Namun demikian, jangan sampai “ketida-relate-an” kita dengan kisah tersebut, menghentikan kita dari mengambil hikmah dan pelajaran darinya. Sebab, sebuah nilai mulia seringkali berada di awang-awang dan tidak memiliki garis finish, jika pun ada, garis finish itu sangat susah untuk dicapai. Tapi bukan berarti kita tidak mencobanya, bahkan harus menjadikannya sebagai cita-cita dan tujuan sepanjang hidup. Karena dengan kisah-kisah semacam inilah kita berproses. Berjuang membenahi diri dari hari ke hari, yang semula mengingkari janji puluhan kali, menjadi tersadar dan berjuang untuk menjauhinya.

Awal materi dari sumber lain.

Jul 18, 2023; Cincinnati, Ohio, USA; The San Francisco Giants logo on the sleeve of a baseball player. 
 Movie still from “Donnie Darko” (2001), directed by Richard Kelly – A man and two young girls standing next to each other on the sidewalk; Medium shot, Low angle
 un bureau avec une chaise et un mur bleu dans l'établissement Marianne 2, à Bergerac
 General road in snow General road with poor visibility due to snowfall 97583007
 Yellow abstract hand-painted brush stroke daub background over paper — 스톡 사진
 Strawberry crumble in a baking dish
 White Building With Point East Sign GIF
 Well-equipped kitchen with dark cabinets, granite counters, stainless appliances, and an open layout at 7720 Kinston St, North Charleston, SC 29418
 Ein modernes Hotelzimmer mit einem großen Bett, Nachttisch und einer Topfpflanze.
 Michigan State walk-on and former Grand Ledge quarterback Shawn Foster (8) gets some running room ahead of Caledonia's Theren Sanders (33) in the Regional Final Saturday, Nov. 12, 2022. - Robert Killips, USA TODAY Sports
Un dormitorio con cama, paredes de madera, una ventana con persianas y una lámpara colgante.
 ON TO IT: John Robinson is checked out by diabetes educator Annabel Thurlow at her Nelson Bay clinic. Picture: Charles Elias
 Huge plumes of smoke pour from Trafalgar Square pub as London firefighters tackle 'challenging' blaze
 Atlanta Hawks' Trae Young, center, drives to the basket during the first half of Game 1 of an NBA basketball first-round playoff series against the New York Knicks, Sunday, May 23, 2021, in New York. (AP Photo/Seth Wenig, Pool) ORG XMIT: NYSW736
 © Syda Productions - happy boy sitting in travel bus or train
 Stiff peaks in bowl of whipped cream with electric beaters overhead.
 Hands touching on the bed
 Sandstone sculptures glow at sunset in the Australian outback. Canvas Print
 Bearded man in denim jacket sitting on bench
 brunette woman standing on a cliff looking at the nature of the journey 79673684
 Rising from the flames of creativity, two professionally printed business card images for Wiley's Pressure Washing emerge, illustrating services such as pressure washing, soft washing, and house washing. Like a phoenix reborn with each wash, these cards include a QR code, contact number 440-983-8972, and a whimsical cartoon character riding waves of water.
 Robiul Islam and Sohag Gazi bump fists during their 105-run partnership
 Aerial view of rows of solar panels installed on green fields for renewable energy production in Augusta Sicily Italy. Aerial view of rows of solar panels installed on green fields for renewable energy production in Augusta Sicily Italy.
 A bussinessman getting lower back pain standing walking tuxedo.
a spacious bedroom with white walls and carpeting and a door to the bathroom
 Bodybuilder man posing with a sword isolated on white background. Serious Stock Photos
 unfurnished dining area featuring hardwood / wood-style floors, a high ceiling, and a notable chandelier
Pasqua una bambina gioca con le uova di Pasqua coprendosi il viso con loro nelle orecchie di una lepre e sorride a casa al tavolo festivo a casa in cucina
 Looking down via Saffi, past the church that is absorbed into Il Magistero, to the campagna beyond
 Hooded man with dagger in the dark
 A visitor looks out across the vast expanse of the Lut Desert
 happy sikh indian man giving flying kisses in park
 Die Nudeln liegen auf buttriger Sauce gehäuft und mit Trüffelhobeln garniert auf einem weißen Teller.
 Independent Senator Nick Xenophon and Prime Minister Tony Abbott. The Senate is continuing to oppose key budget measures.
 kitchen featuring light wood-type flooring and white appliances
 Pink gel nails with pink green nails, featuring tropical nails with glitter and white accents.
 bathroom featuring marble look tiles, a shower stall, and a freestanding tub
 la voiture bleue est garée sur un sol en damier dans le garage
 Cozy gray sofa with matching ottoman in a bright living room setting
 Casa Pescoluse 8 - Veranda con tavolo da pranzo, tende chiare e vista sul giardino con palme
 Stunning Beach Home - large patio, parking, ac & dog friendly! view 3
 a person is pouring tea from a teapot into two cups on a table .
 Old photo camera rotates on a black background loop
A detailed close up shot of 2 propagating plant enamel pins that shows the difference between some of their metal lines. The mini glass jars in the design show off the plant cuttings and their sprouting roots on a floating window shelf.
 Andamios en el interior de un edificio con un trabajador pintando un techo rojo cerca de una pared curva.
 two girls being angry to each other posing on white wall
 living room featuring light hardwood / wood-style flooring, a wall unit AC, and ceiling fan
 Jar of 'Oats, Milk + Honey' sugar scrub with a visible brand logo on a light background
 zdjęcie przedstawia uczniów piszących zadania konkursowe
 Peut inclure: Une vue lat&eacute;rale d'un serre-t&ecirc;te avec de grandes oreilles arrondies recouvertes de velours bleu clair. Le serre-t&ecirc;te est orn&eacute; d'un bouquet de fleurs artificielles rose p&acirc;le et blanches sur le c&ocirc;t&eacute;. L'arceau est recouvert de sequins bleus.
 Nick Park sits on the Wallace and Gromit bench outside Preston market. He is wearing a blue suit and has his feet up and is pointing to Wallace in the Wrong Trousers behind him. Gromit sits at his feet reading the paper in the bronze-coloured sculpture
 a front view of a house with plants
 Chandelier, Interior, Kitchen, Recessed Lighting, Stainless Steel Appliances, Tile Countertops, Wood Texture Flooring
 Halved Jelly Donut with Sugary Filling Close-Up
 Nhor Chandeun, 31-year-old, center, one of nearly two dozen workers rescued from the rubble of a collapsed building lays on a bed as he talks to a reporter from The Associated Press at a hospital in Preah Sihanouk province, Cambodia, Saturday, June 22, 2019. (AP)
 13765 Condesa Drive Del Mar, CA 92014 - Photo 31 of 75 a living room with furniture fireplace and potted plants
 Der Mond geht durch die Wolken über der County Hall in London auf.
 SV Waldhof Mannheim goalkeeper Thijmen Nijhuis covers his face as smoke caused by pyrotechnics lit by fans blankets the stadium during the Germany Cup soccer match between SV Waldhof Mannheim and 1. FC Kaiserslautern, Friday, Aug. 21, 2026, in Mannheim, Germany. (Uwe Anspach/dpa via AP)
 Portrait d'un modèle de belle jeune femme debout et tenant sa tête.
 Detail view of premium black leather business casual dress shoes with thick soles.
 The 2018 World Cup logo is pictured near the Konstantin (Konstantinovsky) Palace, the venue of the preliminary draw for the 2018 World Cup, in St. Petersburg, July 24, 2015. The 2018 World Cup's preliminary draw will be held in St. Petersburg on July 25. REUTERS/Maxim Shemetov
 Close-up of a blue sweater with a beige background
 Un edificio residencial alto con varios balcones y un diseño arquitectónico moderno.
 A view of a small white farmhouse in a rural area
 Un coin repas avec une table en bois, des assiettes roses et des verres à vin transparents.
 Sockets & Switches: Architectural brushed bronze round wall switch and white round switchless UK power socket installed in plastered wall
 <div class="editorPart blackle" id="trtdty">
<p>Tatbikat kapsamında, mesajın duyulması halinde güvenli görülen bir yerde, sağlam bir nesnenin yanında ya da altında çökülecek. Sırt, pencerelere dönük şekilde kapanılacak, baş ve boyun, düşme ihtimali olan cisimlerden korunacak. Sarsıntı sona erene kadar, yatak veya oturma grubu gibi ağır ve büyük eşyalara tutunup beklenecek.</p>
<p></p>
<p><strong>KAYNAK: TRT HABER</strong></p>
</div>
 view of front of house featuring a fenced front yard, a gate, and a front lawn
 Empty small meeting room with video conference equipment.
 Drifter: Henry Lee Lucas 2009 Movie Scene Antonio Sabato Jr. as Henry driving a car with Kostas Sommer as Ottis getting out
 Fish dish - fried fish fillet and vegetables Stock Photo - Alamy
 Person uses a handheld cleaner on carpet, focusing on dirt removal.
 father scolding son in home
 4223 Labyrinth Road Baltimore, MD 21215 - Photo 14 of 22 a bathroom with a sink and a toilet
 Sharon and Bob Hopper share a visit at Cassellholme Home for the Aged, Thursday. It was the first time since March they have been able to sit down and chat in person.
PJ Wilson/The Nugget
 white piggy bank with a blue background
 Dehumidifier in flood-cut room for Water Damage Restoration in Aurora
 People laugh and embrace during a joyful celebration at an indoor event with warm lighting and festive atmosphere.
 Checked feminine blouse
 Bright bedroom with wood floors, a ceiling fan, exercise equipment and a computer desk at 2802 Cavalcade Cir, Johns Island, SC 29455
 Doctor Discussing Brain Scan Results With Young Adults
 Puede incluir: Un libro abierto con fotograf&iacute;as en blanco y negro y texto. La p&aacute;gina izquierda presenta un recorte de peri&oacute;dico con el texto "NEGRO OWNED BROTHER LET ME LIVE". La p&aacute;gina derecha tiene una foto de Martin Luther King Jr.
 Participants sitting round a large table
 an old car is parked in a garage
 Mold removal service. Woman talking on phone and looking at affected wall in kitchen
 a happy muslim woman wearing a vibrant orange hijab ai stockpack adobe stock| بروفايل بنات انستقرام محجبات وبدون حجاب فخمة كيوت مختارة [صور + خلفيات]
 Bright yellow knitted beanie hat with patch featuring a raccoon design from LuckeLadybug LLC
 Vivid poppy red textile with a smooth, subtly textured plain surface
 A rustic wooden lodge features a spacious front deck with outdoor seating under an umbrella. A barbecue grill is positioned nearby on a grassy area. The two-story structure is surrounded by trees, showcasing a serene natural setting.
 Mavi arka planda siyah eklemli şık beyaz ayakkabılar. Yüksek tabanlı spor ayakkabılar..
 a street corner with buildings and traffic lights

Di samping itu, dengan membaca kisah semacam ini, kita jadi tahu bahwa mungkin-mungkin saja praktik keagamaan dilaksanakan dalam level idealnya, seperti Sayyidina Tsauban yang terkenal dengan al-wafiyyu (orang yang memenuhi janji). Gelar al-wafiyyu didapatkan olehnya karena keteguhan dan keistiqamahannya memegang janji. Sejak mengatakan, “Aku (mau), wahai Rasulullah”, Tsauban tidak pernah sekalipun meminta sesuatu kepada orang lain, baik itu harta benda ataupun pertolongan.
 

Ia memilih mengambil sendiri cambuknya yang jatuh meski sedang mengendarai unta, padahal banyak orang yang bisa dimintai tolong olehnya. Dalam riwayat lain dikatakan (jalur Sulaiman bin Ahmad), bahwa Rasulullah berkata:
 

مَنْ يَتَكَفَّلُ لِي أَنْ لَا يَسْأَلَ النَّاسَ وَأَتَكَفَّلُ لَهُ بِالْجَنَّةِ؟ فَقَالَ ثَوْبَانُ: أَنَا، فَكَانَ ثَوْبَانُ لَا يَسْأَلُ أَحَدًا شَيْئًا
 

Artinya, “Siapa yang (mau) menjamin kepadaku bahwa ia tidak akan meminta kepada manusia, dan aku akan menjaminnya masuk surga?” Tsauban menjawab: “Aku (mau, wahai Rasulullah).” Kemudian, (setelah itu) Tsauban tidak pernah meminta sesuatu pun kepada siapa pun.” (Al-Ashbahani, Hilyatul Auliyā’, juz I, halaman 181). 
 

Sejak saat itu Sayyidina Tsauban tidak pernah meminta bantuan selain kepada Allah. Ia memegang teguh janjinya kepada Rasulullah, bahkan di keadaan paling ringan dan normal sekalipun seperti ketika cambuknya terjatuh. Suatu keadaan yang wajar jika ada orang yang mengambilkannya, tapi ia menolak dan mengambilnya sendiri karena memegang teguh janjinya kepada Rasulullah shallallahu ‘alaihi wasallam
 

Semoga kisah di atas memberikan wawasan dan pelajaran baru kepada kita, dan kita bisa mengambil iktibar darinya. Rabbi zidni ‘ilma warzuqni fahma. Amin.

 


Ustadz Muhammad Afiq Zahara, alumni Pondok Pesantren Darussa’adah, Bulus, Petanahan, Kebumen.